Die nun seit Jahren anhaltenden Autonomieverletzungen seitens Italiens beweisen, dass es einen Kurswechsel in der Zukunftsfrage für Süd-Tirol braucht. Die Entwicklungen in Europa, allen voran in Schottland und Katalonien, unterstreichen außerdem, dass die internationalen Voraussetzungen dafür günstig wie lange nicht sind. Der Weg in die Unabhängigkeit von Italien und damit in eine gesicherte Zukunft für unser Land, sei es in Form eines eigenen souveränen Staates oder durch die Wiedervereinigung mit dem Bundesland Tirol, wird aber weniger ein Sprint als vielmehr ein Marathonlauf sein; ein Prozess, der sorgfältig und konsequent vorbereitet und geführt werden muss!

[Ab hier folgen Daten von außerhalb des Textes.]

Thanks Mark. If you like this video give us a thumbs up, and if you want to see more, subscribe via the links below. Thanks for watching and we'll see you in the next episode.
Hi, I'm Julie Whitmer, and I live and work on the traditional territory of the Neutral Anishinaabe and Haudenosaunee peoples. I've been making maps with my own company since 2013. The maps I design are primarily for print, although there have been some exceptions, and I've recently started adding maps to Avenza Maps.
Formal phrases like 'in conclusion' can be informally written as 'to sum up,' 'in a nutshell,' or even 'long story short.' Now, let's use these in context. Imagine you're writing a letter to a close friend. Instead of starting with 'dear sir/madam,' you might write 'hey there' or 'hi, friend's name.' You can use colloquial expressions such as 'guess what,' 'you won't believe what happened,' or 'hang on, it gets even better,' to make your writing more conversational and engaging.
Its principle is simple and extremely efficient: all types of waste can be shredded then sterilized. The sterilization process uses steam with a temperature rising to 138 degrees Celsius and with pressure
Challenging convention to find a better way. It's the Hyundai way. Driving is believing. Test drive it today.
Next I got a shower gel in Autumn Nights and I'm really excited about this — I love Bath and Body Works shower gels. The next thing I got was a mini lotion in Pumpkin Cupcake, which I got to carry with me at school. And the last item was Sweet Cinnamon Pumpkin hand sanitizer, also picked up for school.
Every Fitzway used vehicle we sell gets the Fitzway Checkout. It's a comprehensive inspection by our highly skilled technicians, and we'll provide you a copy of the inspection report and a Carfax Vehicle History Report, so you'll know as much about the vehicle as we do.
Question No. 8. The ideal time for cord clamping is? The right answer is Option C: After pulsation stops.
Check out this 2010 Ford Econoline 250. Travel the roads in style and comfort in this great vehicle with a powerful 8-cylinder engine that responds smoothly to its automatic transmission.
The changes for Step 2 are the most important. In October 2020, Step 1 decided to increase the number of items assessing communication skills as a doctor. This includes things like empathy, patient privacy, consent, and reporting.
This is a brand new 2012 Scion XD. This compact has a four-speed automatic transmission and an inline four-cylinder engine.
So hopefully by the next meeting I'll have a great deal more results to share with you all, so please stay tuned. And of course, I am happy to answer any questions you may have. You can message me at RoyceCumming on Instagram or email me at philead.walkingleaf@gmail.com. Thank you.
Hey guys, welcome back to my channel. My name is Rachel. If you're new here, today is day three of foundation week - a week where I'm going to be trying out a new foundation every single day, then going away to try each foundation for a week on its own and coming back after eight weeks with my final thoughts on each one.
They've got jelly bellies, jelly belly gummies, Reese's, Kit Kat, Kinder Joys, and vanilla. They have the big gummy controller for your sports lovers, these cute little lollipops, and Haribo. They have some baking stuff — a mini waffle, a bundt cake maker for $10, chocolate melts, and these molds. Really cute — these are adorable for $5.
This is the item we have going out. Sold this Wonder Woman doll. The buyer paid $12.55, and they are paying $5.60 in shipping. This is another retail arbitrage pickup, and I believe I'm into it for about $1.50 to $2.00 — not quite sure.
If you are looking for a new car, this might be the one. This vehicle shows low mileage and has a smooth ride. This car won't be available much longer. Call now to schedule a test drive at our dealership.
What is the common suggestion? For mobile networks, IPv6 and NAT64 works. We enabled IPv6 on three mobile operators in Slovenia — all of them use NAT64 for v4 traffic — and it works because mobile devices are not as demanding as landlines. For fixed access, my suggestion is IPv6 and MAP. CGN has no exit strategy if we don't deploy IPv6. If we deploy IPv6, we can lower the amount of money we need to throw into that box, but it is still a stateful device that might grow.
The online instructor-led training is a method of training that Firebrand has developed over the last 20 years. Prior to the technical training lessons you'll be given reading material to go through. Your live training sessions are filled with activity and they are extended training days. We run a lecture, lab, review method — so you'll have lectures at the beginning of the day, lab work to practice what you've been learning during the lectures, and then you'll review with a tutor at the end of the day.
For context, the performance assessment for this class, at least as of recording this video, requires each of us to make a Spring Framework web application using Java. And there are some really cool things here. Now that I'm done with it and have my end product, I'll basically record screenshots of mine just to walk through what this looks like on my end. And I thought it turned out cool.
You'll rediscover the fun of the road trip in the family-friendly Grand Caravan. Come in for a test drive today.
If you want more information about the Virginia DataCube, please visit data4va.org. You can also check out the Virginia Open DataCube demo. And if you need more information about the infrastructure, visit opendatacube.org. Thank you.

Historische und aktuelle Entwicklungen zeigen, wie ein solcher Prozess befeuert und begleitet werden kann. In der Bundesrepublik Deutschland wurde 1949 unter der Bezeichnung „Bundesministerium für gesamtdeutsche Fragen“ ein eigenes Ressort für die Wiedervereinigung errichtet. 1969 erhielt es die neue Bezeichnung „innerdeutsche Beziehungen“, eine programmatische Änderung, mit der die neue Ostpolitik zum Ausdruck kam. 1991 wurde dieses Ministerium dann aufgelöst. Bundeskanzler Helmut Kohl stellte während der Haushaltsdebatte im Deutschen Bundestag in Bonn am 28. November 1989 einen Zehn-Punkte-Plan zur schrittweisen Wiederherstellung der deutschen Einheit vor. Seine Worte beschrieben treffend, wofür das einstige „Bundesministerium für gesamtdeutsche Fragen“ stand:
„Der Weg zur deutschen Einheit, das wissen wir alle, ist nicht vom „grünen Tisch“ oder mit einem Terminkalender in der Hand zu planen. Abstrakte Modelle kann man vielleicht polemisch verwenden, aber sie helfen nicht weiter, Aber wir können, wenn wir nur wollen, schon heute jene Etappen vorbereiten, die zu diesem Ziel hinführen!“
Diese Etappen beschrieb Bundeskanzler Kohl in seinem berühmt gewordenen Zehn-Punkte-Plan:
„Erstens: Die Bundesregierung ist zu sofortiger, konkreter Hilfe dort bereit, wo diese Hilfe jetzt benötigt wird. Zweitens: Die Bundesregierung wird wie bisher die Zusammenarbeit mit der DDR in allen Bereichen fortsetzen, die den Menschen auf beiden Seiten unmittelbar zugute kommt. Drittens: Ich habe angeboten, unsere Hilfe und unsere Zusammenarbeit umfassend auszuweiten, wenn ein grundlegender Wandel des politischen und wirtschaftlichen Systems in der DDR verbindlich beschlossen und unumkehrbar in Gang gesetzt wird. Viertens: Diese Zusammenarbeit wird zunehmend auch gemeinsame Institutionen erfordern. Fünftens: Wir sind aber auch bereit, noch einen entscheidenden Schritt weiterzugehen, nämlich konföderative Strukturen zwischen beiden deutschen Staaten in Deutschland zu entwickeln mit dem Ziel, danach eine Föderation, das heißt eine bundesstaatliche Ordnung, zu schaffen. Sechstens: Die künftige Architektur Deutschlands muss sich einfügen in die künftige Architektur Gesamteuropas. Siebtens: Den Prozess der Wiedergewinnung der deutschen Einheit verstehen wir als europäisches Anliegen. Achtens: Der KSZE-Prozeß ist ein Herzstück dieser gesamteuropäischen Architektur. Neuntens: Die Überwindung der Trennung Europas und der Teilung Deutschlands erfordern weitreichende und zügige Schritte in der Abrüstung und Rüstungskontrolle. Zehntens: Die Wiedervereinigung, das heißt die Wiedergewinnung der staatlichen Einheit Deutschlands, bleibt das politische Ziel der Bundesregierung.“
Auch Süd-Korea hat ein eigenes Ministerium für die Wiedervereinigung. Dieses befasst sich mit Fragen, die in ähnlicher Art auch für Süd-Tirol zutreffend sind: Welche Maßnahmen müssen auf politischer, administrativer und polizeilicher Ebene getroffenen werden, wenn zwei Länder sich wiedervereinigen? In welcher Form kann dies geschehen? Welche Probleme gibt es? Wie kann die politische Aufarbeitung angegangen werden?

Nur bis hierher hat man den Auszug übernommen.